The estimates involved in the valuation of stock-based compensation have not materially changed in the periods presented in our Consolidated Financial Statements, as disclosed in Note 13 under the subheading of “Stock Option Valuation”.
The actual weighted-average grant-date fair value of options granted for the year ended December 31, 2020 was $11.75. While valuation inputs in the valuation models employed may be interdependent, as an example, an increase of one year in the expected exercise behavior of employees would have increased the weighted-average grant-date fair value of options granted for the year ended December 31, 2020 to $12.34. Similarly, an increase of 1% in the estimated volatility of our shares would increase the weighted-average grant-date fair value of options granted for the year ended December 31, 2020 to $11.84. We granted 1,258,341 options for the year ended December 31, 2020, and we recognize compensation expense based on the grant-date fair value on a straight-line basis over the requisite service period of the awards, generally from the date of grant through each vesting date. Options granted generally vest over four years.
Going Concern
Our evaluation of our ability to continue as a going concern requires us to evaluate our future sources and uses of cash sufficient to fund our currently expected operations in conducting research and development activities one year from the date our financial statements are issued. We evaluate the probability associated with each source and use of cash resources in making our going concern determination. The research and development of pharmaceutical products is inherently subject to uncertainty.
Recent Accounting Pronouncements
For a discussion of pending and recently adopted accounting pronouncements, see Note 2 to our Consolidated Financial Statements included elsewhere in this Annual Report on Form 10-K.
Off-Balance Sheet Arrangements
We have not entered into any off-balance sheet arrangements and do not have any holdings in variable interest entities.
Item 7A. Quantitative and Qualitative Disclosures About Market Risk.
Not applicable as a Smaller Reporting Company.
Item 8. Financial Statements and Supplementary Data.
The financial statements required to be filed pursuant to this Item 8 are appended to this Annual Report on Form 10-K. An index of those financial statements is found in Item 15 of Part IV of this Annual Report on Form 10-K.

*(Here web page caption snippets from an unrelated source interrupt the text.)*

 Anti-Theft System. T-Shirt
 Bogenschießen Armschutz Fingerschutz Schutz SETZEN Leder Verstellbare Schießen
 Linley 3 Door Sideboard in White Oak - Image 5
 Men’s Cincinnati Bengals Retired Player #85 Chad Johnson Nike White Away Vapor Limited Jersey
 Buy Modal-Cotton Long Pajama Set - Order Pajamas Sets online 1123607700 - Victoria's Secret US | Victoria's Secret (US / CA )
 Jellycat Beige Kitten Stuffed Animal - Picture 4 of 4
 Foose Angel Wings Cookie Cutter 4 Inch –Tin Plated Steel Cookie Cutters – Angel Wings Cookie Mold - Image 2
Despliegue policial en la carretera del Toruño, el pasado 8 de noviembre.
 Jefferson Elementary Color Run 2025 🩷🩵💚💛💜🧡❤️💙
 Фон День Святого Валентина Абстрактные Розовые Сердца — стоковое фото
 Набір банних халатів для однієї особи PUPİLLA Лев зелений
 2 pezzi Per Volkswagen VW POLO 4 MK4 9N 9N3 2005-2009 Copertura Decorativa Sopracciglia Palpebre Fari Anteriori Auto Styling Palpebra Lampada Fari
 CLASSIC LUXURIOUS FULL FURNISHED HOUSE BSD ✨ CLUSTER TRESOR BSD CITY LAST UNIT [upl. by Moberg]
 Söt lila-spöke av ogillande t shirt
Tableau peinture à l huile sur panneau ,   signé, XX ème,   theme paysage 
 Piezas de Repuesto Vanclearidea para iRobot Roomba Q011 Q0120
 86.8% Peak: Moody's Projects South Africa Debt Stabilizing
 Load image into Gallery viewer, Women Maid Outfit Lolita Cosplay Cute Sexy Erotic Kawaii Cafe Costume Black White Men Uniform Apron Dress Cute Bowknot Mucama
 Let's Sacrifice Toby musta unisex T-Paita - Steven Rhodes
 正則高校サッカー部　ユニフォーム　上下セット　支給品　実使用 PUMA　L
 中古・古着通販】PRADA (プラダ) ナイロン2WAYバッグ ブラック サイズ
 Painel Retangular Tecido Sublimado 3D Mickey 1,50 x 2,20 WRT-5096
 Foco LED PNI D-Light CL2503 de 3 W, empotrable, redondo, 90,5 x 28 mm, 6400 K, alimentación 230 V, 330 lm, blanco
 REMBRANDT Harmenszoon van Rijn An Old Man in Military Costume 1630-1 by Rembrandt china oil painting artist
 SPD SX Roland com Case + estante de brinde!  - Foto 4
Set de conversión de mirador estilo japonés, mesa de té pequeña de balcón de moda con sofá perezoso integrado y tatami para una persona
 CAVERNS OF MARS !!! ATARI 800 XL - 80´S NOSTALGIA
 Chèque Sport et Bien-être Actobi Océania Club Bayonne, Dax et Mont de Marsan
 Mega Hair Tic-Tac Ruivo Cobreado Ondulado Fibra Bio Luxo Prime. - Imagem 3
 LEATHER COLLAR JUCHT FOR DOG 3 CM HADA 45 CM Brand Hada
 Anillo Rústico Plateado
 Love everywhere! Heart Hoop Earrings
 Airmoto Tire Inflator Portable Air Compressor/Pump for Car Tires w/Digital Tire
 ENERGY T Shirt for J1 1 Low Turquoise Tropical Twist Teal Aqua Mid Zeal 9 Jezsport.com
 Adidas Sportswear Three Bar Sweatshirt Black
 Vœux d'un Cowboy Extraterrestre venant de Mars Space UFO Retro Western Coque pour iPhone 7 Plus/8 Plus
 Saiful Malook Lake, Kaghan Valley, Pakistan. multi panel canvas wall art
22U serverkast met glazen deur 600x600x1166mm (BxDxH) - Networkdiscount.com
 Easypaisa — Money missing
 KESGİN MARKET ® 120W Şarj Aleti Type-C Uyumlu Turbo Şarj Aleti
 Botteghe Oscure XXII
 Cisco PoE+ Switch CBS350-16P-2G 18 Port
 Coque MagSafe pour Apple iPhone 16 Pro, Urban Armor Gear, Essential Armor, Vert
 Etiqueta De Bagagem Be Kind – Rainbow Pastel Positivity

Item 9. Changes in and Disagreements with Accountants on Accounting and Financial Disclosure
None.
Item 9A. Controls and Procedures
Limitations on Effectiveness of Controls and Procedures
In designing and evaluating our disclosure controls and procedures, management recognizes that any controls and procedures, no matter how well designed and operated, can provide only reasonable assurance of achieving the desired control objectives. In addition, the design of disclosure controls and procedures must reflect the fact that there are resource constraints and that management is required to apply judgment in evaluating the benefits of possible controls and procedures relative to their costs.
Evaluation of Disclosure Controls and Procedures
Our management, with the participation of our principal executive and financial officer, has evaluated, as of the end of the period covered by this Annual Report on Form 10-K, the effectiveness of our disclosure controls and procedures (as defined in Rules 13a-
88
15(e) and 15d-15(e) under the Exchange Act). Based on such evaluation, our principal executive and principal financial officer concluded that our disclosure controls and procedures were effective at the reasonable assurance level as of December 31, 2020.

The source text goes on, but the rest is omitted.